It's good to be home.

I lied

Ok, so I lied. One of my last posts was about how bad I was at posting and keeping up this blog, saying I'd definitely post more...so I lied. Shit happens. Deal with it. I've been bogged down in life for the past month or so and I'm finally catching up. More on that in the next couple of posts.

Saturday, May 13, 2006

Mothers Day Sucks

I hate mother's day. I've always hated it. It's a Hallmark kind of holiday, filled with images of perfect mothers, happy children, and breakfast in bed. Harriet Nelson, Carol Brady and June whatshername from Leave it to Beaver were mothers deserving of mother's day. I had something this side of Mommy Dearest. It wasn't as physical as that, but the emotional shit was all there. My mother certainly never deserved a Hallmark kind of day. Having no contact with her for the past 6 years has been one of the best decisions I ever made. One of the others was leaving her when I was 13.

Now mother's day takes on a newer, sadder meaning for me. This year is the first year that I know I will never become a mother. Last June we stopped a 6 year rollercoaster of trying to conceive, mixed in with thoughts and hopes of adoption. The medical, financial and hormonal rollercoaster was bad enough, but the emotional journey was heartwrenching. Our adoption journey, well, we were irreparably burned by a so-called friend who promised he knew of a girl who wanted to give up her baby. Needless to say, it was all a lie, but it completely destroyed any hope I had along those lines.

Bottom line is that it was time, for many reasons, to end our journey to motherhood and begin to look forward. I generally don't regret that decision. It still stings, some times worse than others, but I know it was ultimately the right choice for us. Thinking about tomorrow, knowing without a doubt that I will never become a mother, is one of those really bad times.

I have many friends, both in real life and online, who are amazing mothers. Tomorrow I celebrate them but I mourn for myself.

Rats

I am pissed. When the director of interpreting services left 2 weeks ago, there was a major reshuffling of positions and as a result, a new field supervisor position was created. I wasn't sure if I should apply. I admit that I don't meet 100% of the criteria, but I've been a staff interpreter for them the longest. I didn't leave when they changed how we got paid...base salary remained, but overtime/extra work was changed. Hell, I didn't even complain about it. I just sucked it up, did the team thing, and kept going. It has since changed back to the original method (thank you). Call me loyal, but I've been there, not gone and worked part time for The Evil Empire like many others did, and all the while said positive things about the agency. So when this position was announced, I hesitated about applying but finally realized I had a right to the job and submitted my resume. Bert said he wanted to make a decision by the end of this past week, so I knew it wouldn't be dragged out.

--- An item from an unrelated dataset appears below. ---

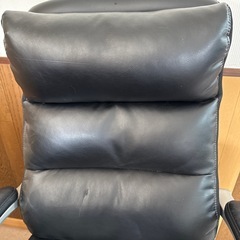 オフィスチェアの画像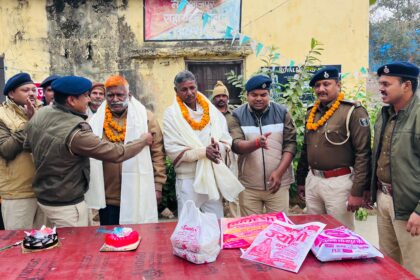 नया भोजपुर में रिटायर्ड और प्रमोटेड पुलिसकर्मियों के लिए सम्मान समारोह आयोजित किया गया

I knew at least one other person, M, applied and during the interview, was told that 3 people had submitted their resumes. Ok, so I knew I had competition but was at least hopeful. I knew the one person who applied potentially had more qualifications than I do, but she's such an asshole I didn't think Bert would hire her back. She had been a staff interpreter for a year or two, but when the pay system changed, she refused to work past 4pm and not long after, ran like a rat off a sinking ship. She remained employed per diem, but not full time.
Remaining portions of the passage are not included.